Tuesday, February 22, 2011

Let us Talk Forgiveness 4 - Forgiveness of God

Forgiveness theorists suggest that the experience of forgiveness is different if one is forgiving another, receiving another’s forgiveness or forgiving oneself, or receiving God’s forgiveness. But it is different if a person finds fault with God or blames God for his or her problems. The book of Genesis made it clear that God was happy with all his creation and indeed saw that everything was good. The struggle between good and evil has been in the world as far back as creation itself. The blame game all started when Adam and Eve sinned and disobeyed God. When asked what had happened Adam passed the blame to the woman and the woman passed it on to the snake. Since the snake could not speak, it seems the blame went back to God, perhaps for giving man free will. When I blame God for my problems, I am indirectly blaming Him for the problems of the world. I am blaming Him for the gift of free will, so freely given to me to choose to do the good and shun evil. I am refusing to take responsibility for my actions. God’s forgiveness is unconditional. As Henry Nouwen, the spiritual writer rightly observed, “it comes from a heart that does not demand anything for itself, a heart that is completely empty of self-seeking”. Whenever I feel that God is responsible for my brokenness, my hurt and anguish, may be I have not been thankful enough for the many blessings that I have received. Could my hurt be telling me something about myself rather than about what God has done to me?

My thinking that God is responsible for my situation in life challenges me to my need for gratitude and compliments from others. It demands of me to move beyond the wounded part of my heart that feels hurt and wronged and wants to stay in control. It calls on me to put on a new heart and a new way of looking at the world and people around me. I must come to the awareness of who I am and how I have allowed my brokenness to keep me from growing to the full maturity God intended for me.

Forgiving God means accepting who I am as a gift from God.
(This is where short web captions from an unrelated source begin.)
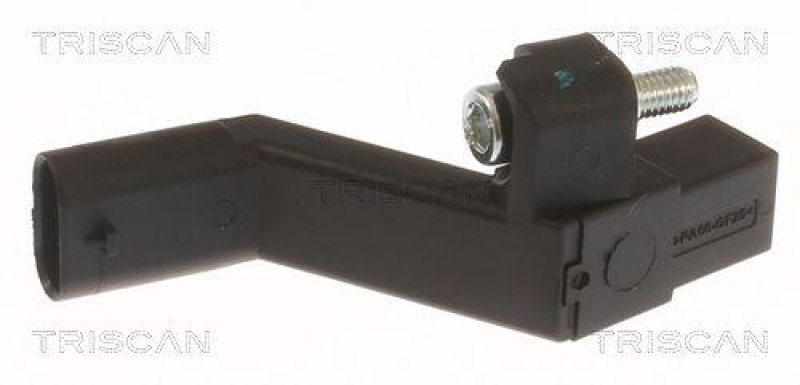 TRISCAN Sensor, crankshaft pulse
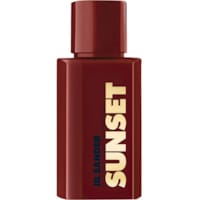 Jil Sander Sunset Eau de Parfum (EdP)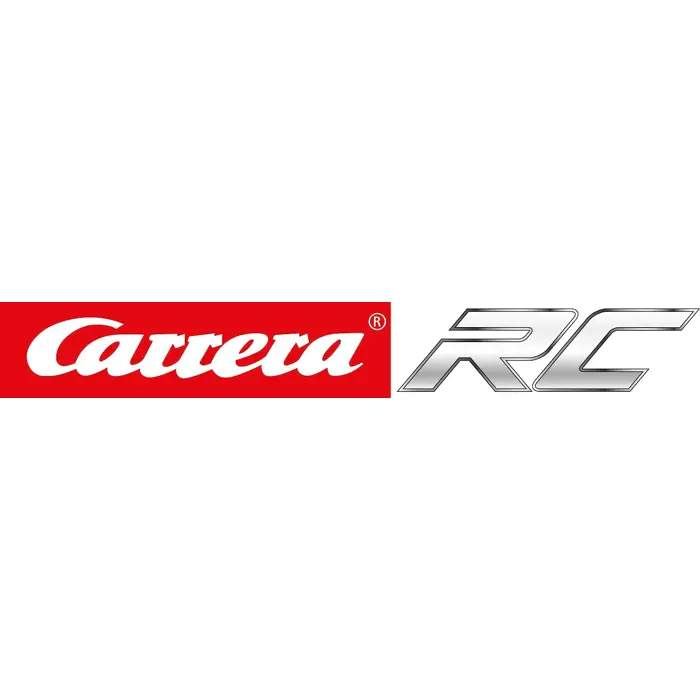 carrera-rc-24ghz-mk-mini-rc-luigi-370430003p-1721-370430003p-w.webp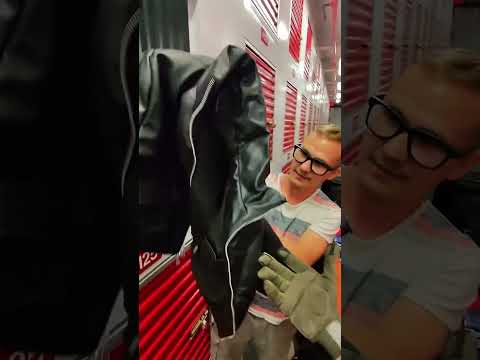 Видео: Виграли перший аукціон 😀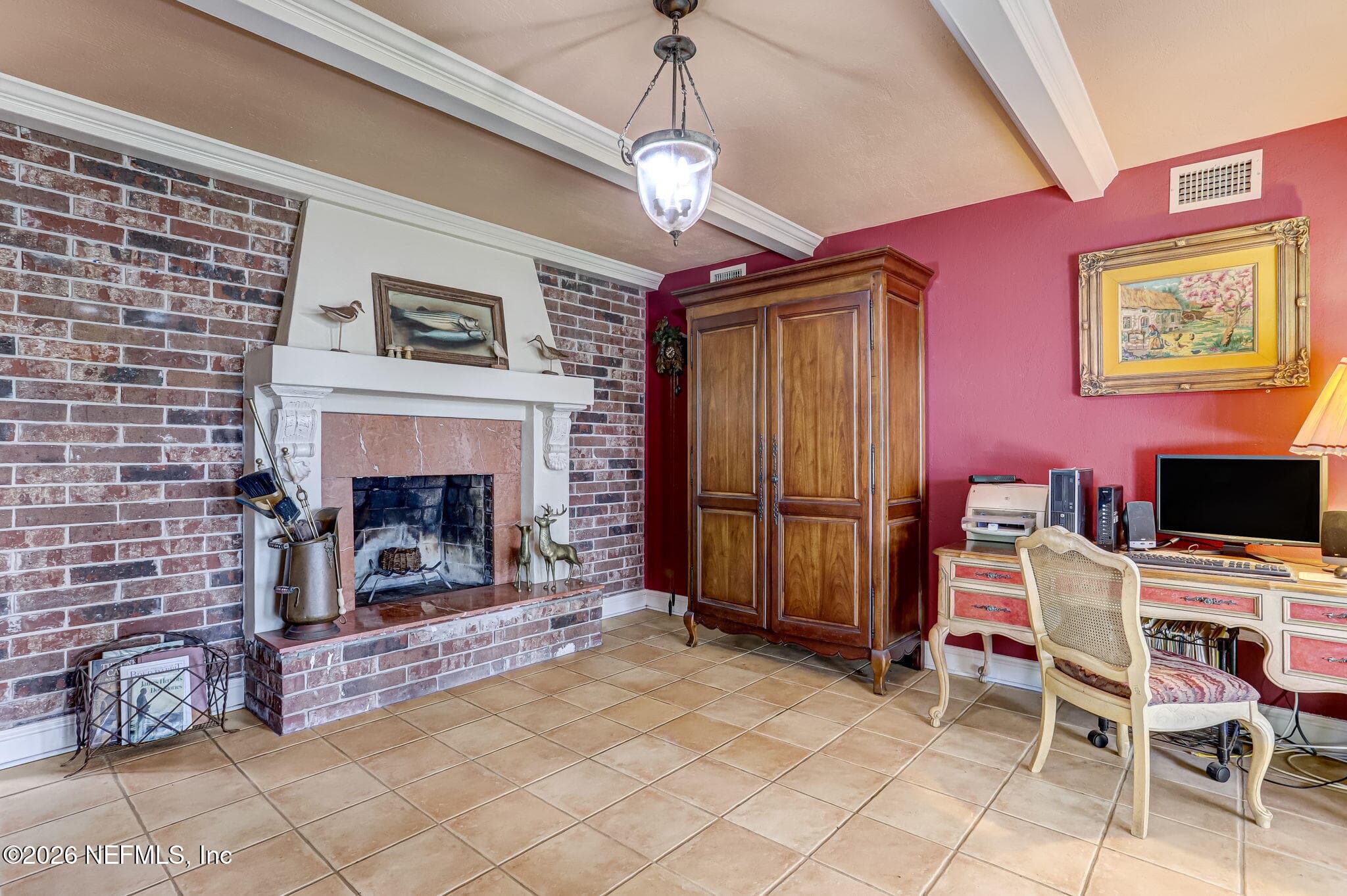 Photo 18 of 1099 LAKE ASBURY Drive, Green Cove Springs, FL 32043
It means climbing over the wall of my smallness or as Nouwen put it, “the wall of arguments and angry feelings that I have erected between myself and all those whom I love but who so often do not return that love. It is a wall of fear of being used or hurt again. It is a wall of pride, and the desire to stay in control. But every time that I can step or climb over that wall, I enter into the house where the Father dwells, and there touch my neighbor with genuine compassionate love”. We cannot go through life without forgiveness. Forgiving self, others and God is a necessary condition to a fulfilled life. Without forgiveness we are a walking time bomb waiting for the appropriate time to explode, the explosion of which will have a disastrous and a monumental effect both on the self and the community at large. How can we not forgive God, the author of forgiveness itself, or do we really need to forgive God? Should we not rather pray that we be forgiven by God who has loved us so much that He gave us his Son to die for our sins so that we may still find our way back to Him. For those who have many reasons not to forgive, look at Christ on the Cross and ask yourself a question did he really deserve that? If not then why did he pray for God “to forgive them for they do not know what they are doing?” If Christ forgave those who killed him on the Cross then why not forgive those who did not kill you but only hurt you?

1 comment:

  1. When things go wrong in our lives, we do tend to blame God for all our misfortunes. That is when we have to stop and think that God did not make our misfortune, we did it on our own. But we are still forgiven by God for hurtful things we do because of his great love for us all. Fr. Augustine I think it would be great if you started a little booklet so it could be placed in back of church. A lot of people do not have computers and I think these articles would be greatly appreciate.